Puedo imaginar la ceremonia. En momentos en que el texto no encuentra el rumbo, en los que las oraciones se niegan a ordenarse según la sintaxis, Del Paso iba por la camisa, se la ponía sobre sus otras ropas y entonces podía seguir con su escritura.

García Márquez decía que sin una flor amarilla en su escritorio no podía escribir. Cada vez que su relato no avanzaba levantaba la vista y comprobaba que no estaba la flor. Entonces tenía que pedirle a su mujer que le trajera una. Cuando la flor se erguía señorial en el florero, entonces fluían de nuevo las palabras.

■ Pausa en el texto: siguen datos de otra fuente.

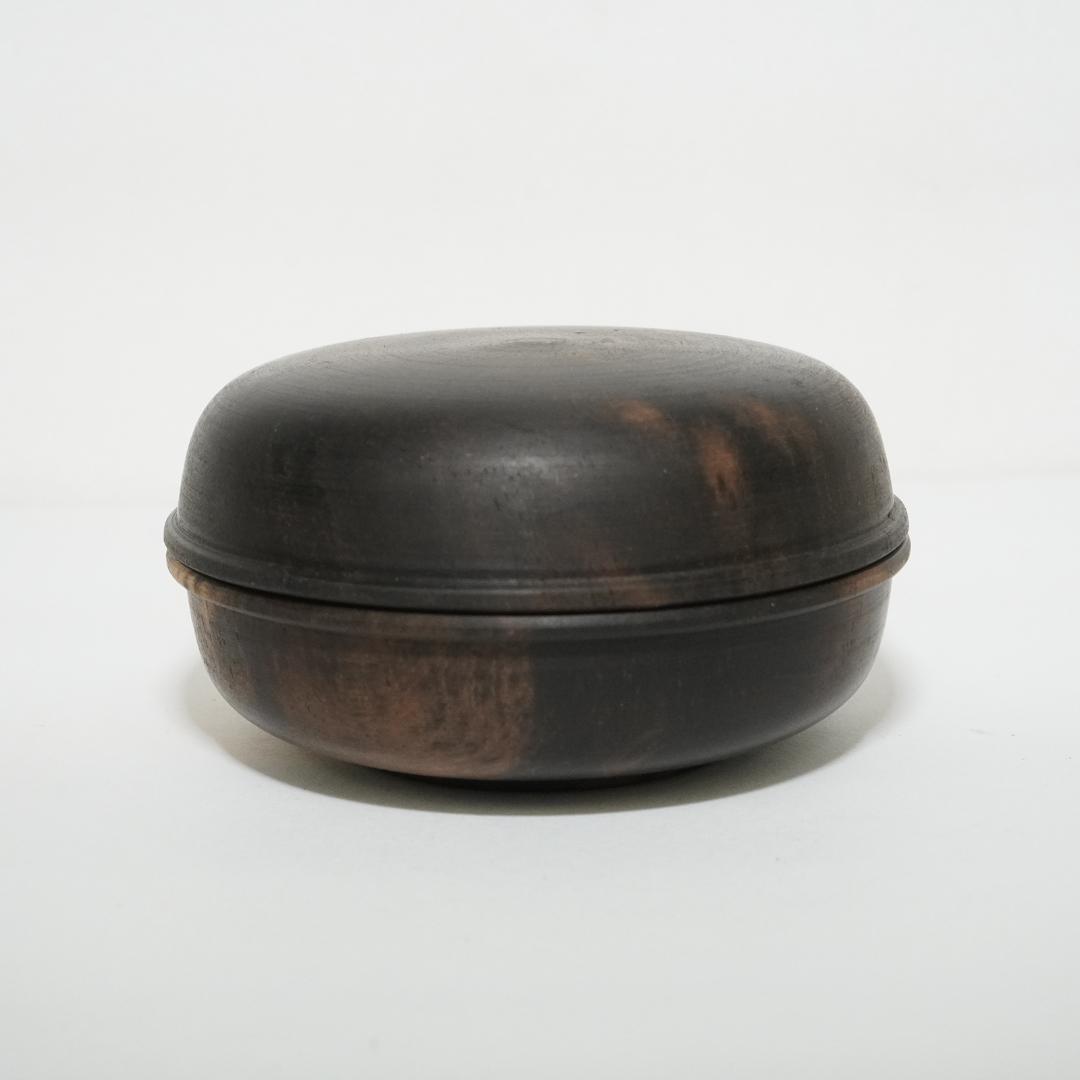 黒柿香合　無垢　直径5.8㎝　茶道具　小物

Yo no sé si todo esto sea cierto, pero muchos escritores cultivan supersticiones; Flaubert no se sentaba al su mesa si no llevaba su célebre bata, y otro escritor mexicano que partió prematuramente, Daniel Sada, me confió que a veces, cuando la ocasión lo ameritaba, escribía desnudo.

Si se buscan otros casos, se encontrarían tantos que podrían conformar un volumen que podría llamarse las grandes supersticiones de los escritores o los ritos, fetiches y objetos mágicos para facilitar la escritura.

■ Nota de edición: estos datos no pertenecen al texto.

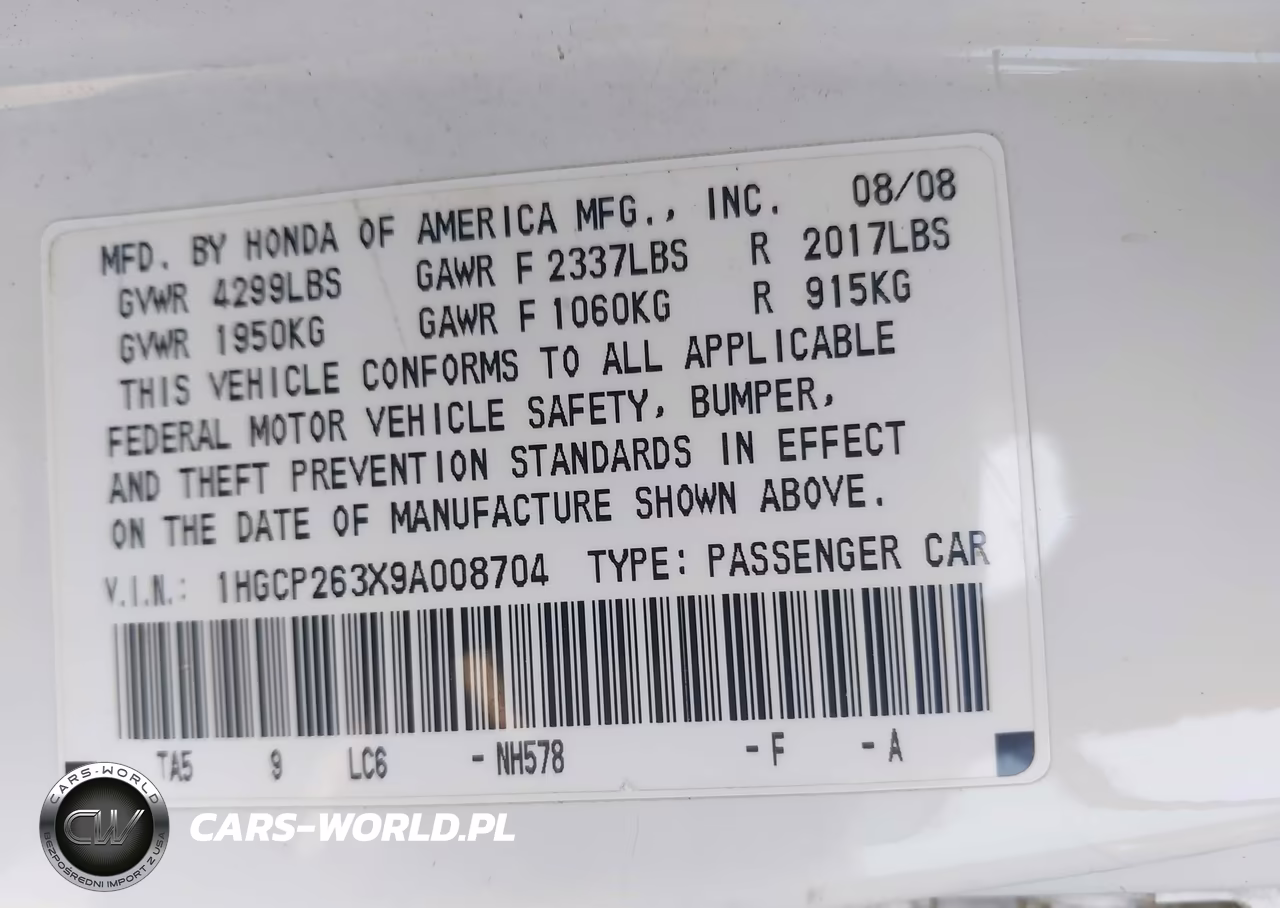 2009 Honda Accord 2.4 Lx VIN:1HGCP263X9A008704 - 9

En 2015, cuando Del Paso dejó la camisa de Becerra, la más célebre de la literatura mexicana, en la caja de letras del Instituto Cervantes de Madrid, dijo: «Consideré que yo tenía un deber hacia aquellos artistas cuya muerte prematura les impidió decir lo que tenían que decir. Por eso esa camisa tiene tanta importancia en mi vida.»

Ahora ha muerto Fernando del Paso. Tal vez en el Círculo de las Letras que el padre Dante habrá preparado para los escritores y poetas (no está mencionado en la Comedia, lo cual no quiere decir que no exista) en el mejor sitio de Averno, se encontrará con Becerra, quien le ofrecerá el primer whisky de bienvenida y le pedirá cuentas de su camisa.

«La dejé en la caja de letras... », diría Del Paso.

«Hiciste mal», le diría Becerra. «La hubieras dejado en un lugar accesible para otros. No sabes cuántos poetas y escritores la necesitan. Es una pena».

No le faltaría razón a José Carlos Becerra. No soy supersticioso, pero puedo aventurar, casi asegurar que algunos libros ya nunca serán escritos. Cuando no fluyan las palabras, faltarán los poderes de la camisa, que casi como un encantamiento era el motor, al menos en dos casos notables, de la escritura.